Norwegian landowner and benefactor

Oscar Collett (9 December 1877 – 1950) was a Norwegian landowner and benefactor.

He was born in Trondhjem as a son of landowner Albert Peter Severin Collett (1842–1896) and Nanna Høegh (1854–1921). He was a brother of physician Arthur Collett and chemist Emil Collett.

He was a forester by education, and spent his career as an executive of the family-owned forest estate company Firma Albert Collett together with his brothers Johan and Axel. The company still operates hundreds of square miles of forest in Namdalen, as well as several hydroelectric power stations.

Collett became a member of the gentlemen's skiing club SK Fram in 1890, the club's second year of existence. From 1935 he served as a supervisory council member of the insurance company Forsikringsselskapet Viking, together with many acquaintances from Fram.

He was a deputy board member of the Norwegian Forestry Society and the Det norske Myrselskap. He was also a co-founder of the first incarnation of the Norwegian Ornithological Society and its journal Norsk Ornithologisk Tidsskrift in 1920. By the end of 1920 Collett had become the single largest benefactor to the journal; with a gift of he had contributed 22% of the journal's assets, more than twice as much as any other individual.

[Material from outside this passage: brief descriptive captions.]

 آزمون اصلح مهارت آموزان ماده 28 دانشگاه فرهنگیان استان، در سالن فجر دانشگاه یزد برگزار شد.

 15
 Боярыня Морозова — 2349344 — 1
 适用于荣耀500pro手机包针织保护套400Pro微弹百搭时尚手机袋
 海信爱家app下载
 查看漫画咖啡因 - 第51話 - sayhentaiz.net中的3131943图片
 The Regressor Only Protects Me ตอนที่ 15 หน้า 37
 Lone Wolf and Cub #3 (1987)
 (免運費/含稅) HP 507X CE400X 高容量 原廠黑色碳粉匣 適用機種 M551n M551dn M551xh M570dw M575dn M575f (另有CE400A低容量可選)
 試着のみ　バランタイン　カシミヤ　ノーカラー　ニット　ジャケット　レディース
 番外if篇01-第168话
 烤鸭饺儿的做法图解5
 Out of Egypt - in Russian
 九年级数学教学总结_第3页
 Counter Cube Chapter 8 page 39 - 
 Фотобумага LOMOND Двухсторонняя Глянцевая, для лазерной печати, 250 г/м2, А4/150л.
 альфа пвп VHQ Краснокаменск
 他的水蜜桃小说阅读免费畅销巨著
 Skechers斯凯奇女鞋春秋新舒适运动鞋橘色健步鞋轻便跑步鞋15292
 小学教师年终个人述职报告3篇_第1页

He sat on the Ornithological Society's interim board until the first general assembly in 1922, where he was elected deputy board member.

Oscar Collett died in 1950, and was buried at Vestre gravlund. His son Carl Oscar Collett, who was born 1922 and whose mother was Maria Iversen, became a landowner and politician. Carl Oscar became a son-in-law of Henning Bødtker, and was admitted to SK Fram, continuing the family tradition.